▸ **Work instruction**: Take the line that contains "1470 NE 125th" and each line after it to the end of the data below, and set them down exactly, omitting pictures.

(Short text fragments from websites)
———

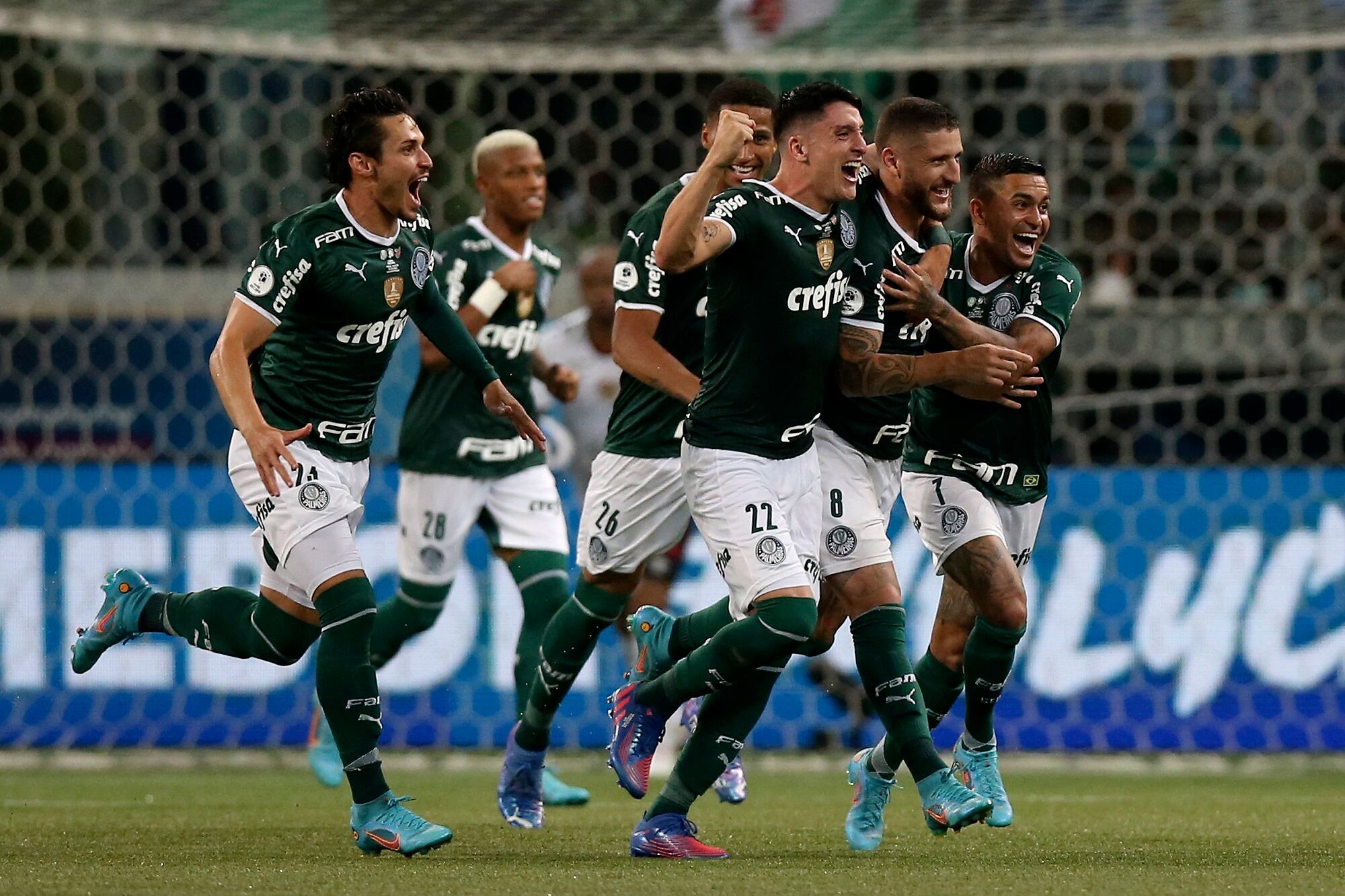 Palmeiras venció a Paranaense en la recopa Sudamericana
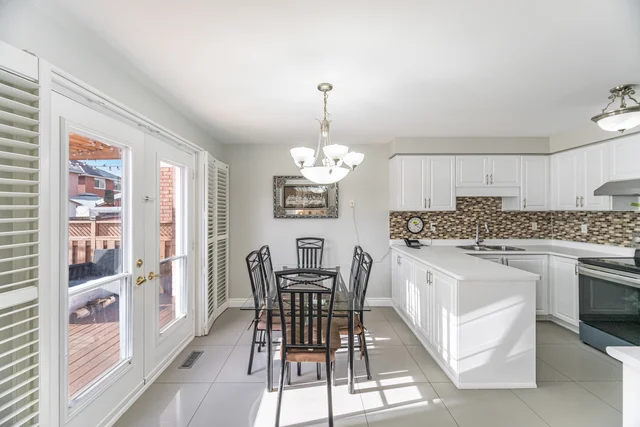 65 Sahara Trail, Brampton - photo 15
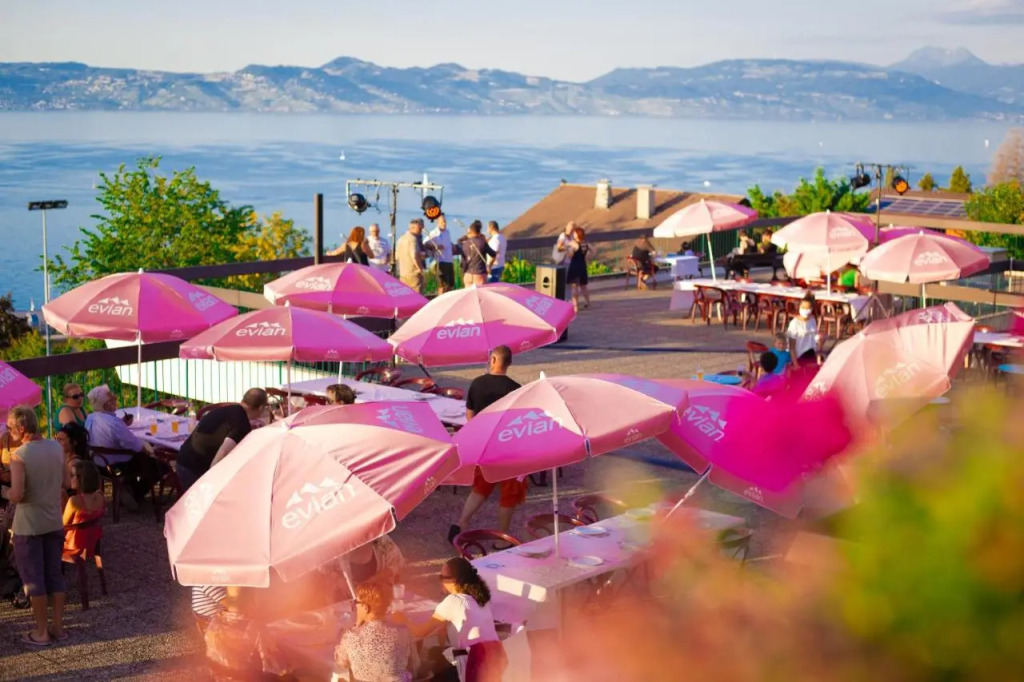 Côté Lac Hostel Evian
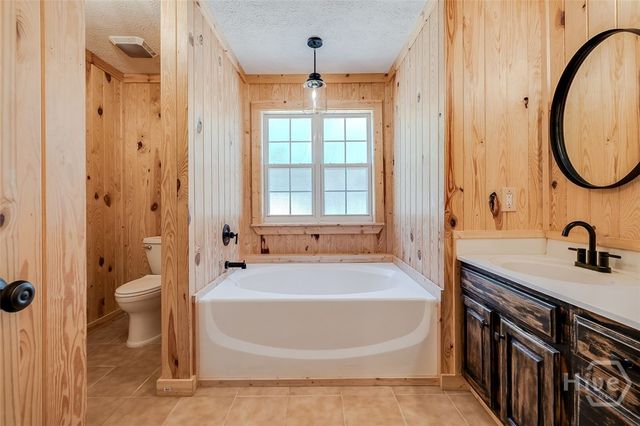 102 Julia Court, Springfield, GA 31329
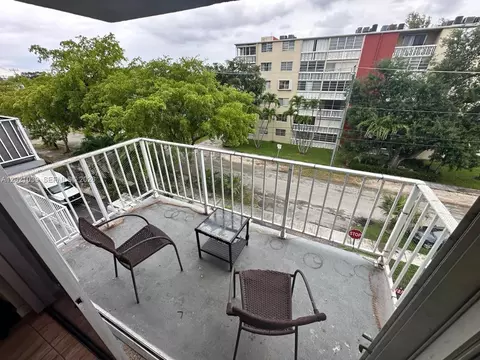 1470 NE 125th Ter #412, North Miami, FL 33161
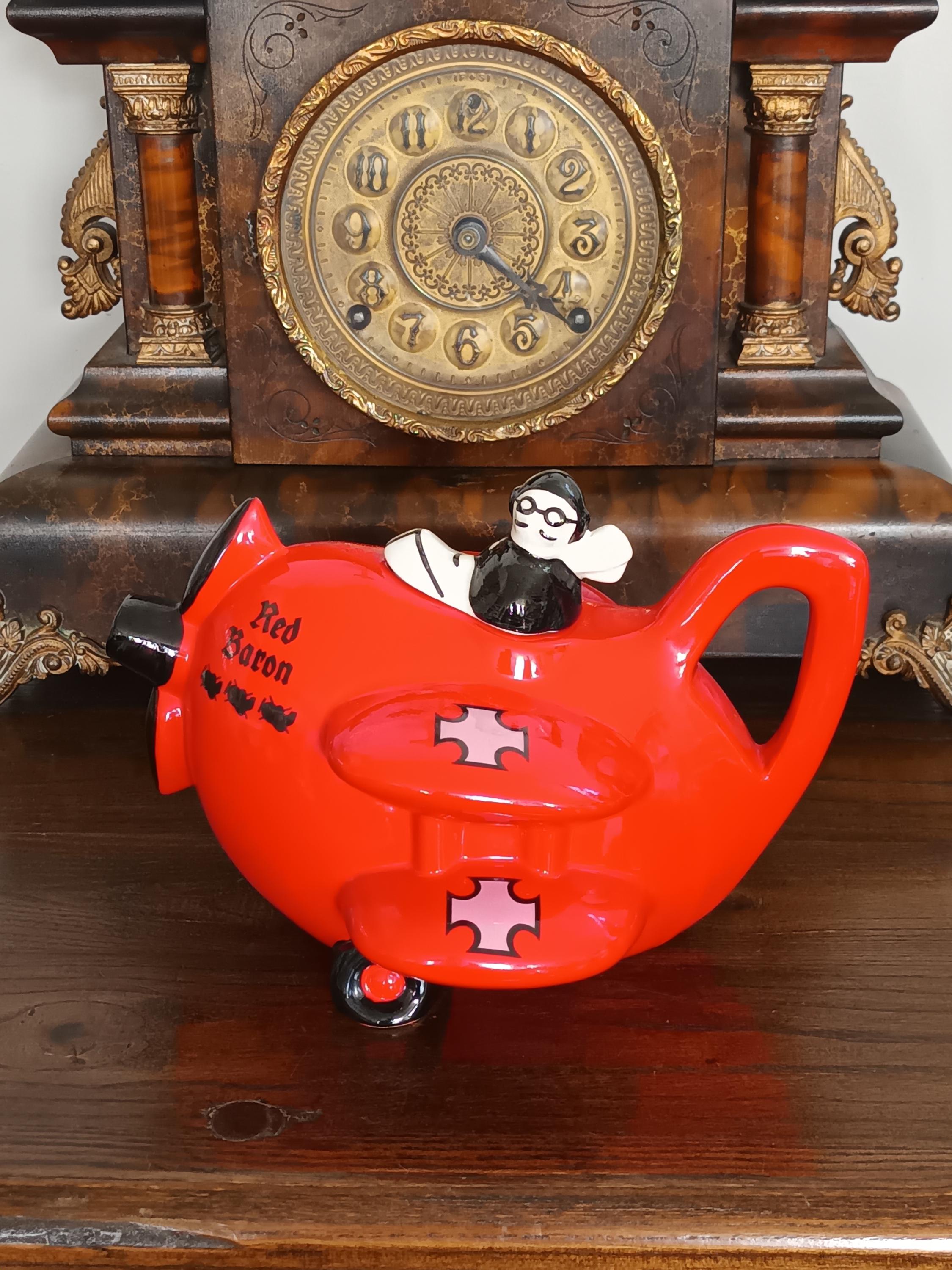 Vintage Ceramic Snoopy House - Etsy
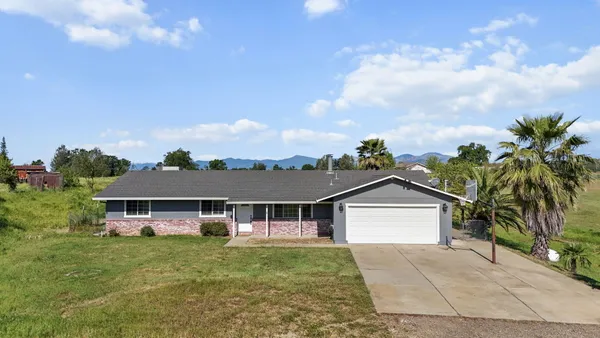 $450,000 | 3576 View Acres Drive, Cottonwood, CA 96022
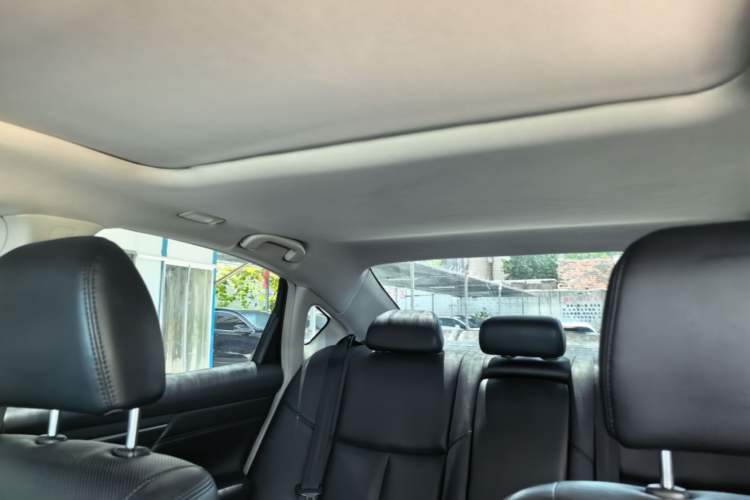 Used Nissan Teana 2013 2.0L XL Comfort Edition Headliner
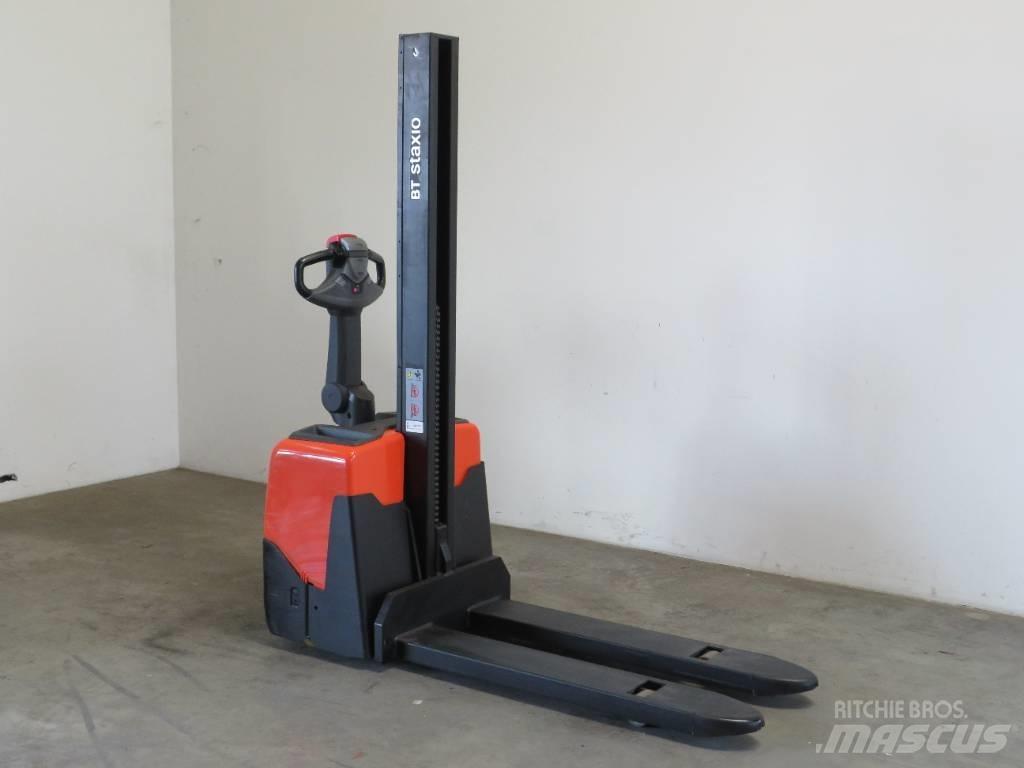 BT HWE 100 行走控制式堆積機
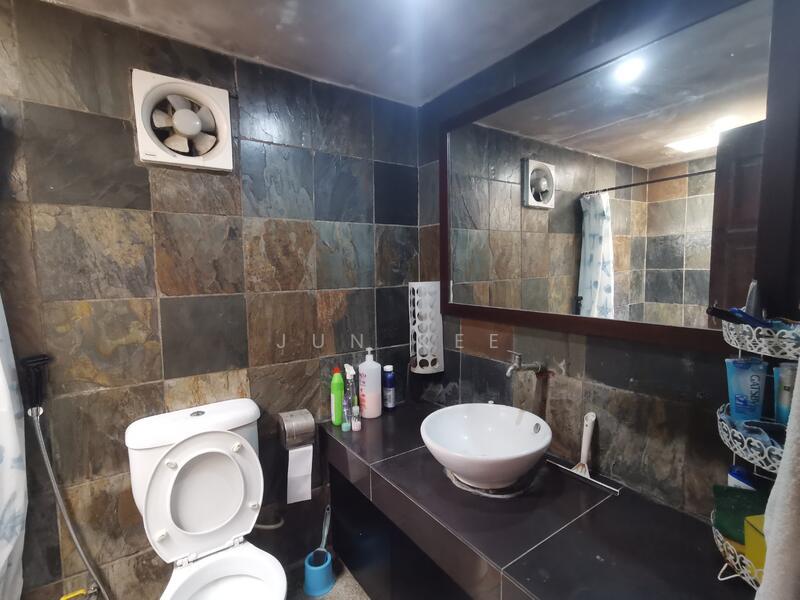 Single Storey Terrace Sri Petaling - 3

———

▸ **Answer box**:
 1470 NE 125th Ter #412, North Miami, FL 33161
 Vintage Ceramic Snoopy House - Etsy
 $450,000 | 3576 View Acres Drive, Cottonwood, CA 96022
 Used Nissan Teana 2013 2.0L XL Comfort Edition Headliner
 BT HWE 100 行走控制式堆積機
 Single Storey Terrace Sri Petaling - 3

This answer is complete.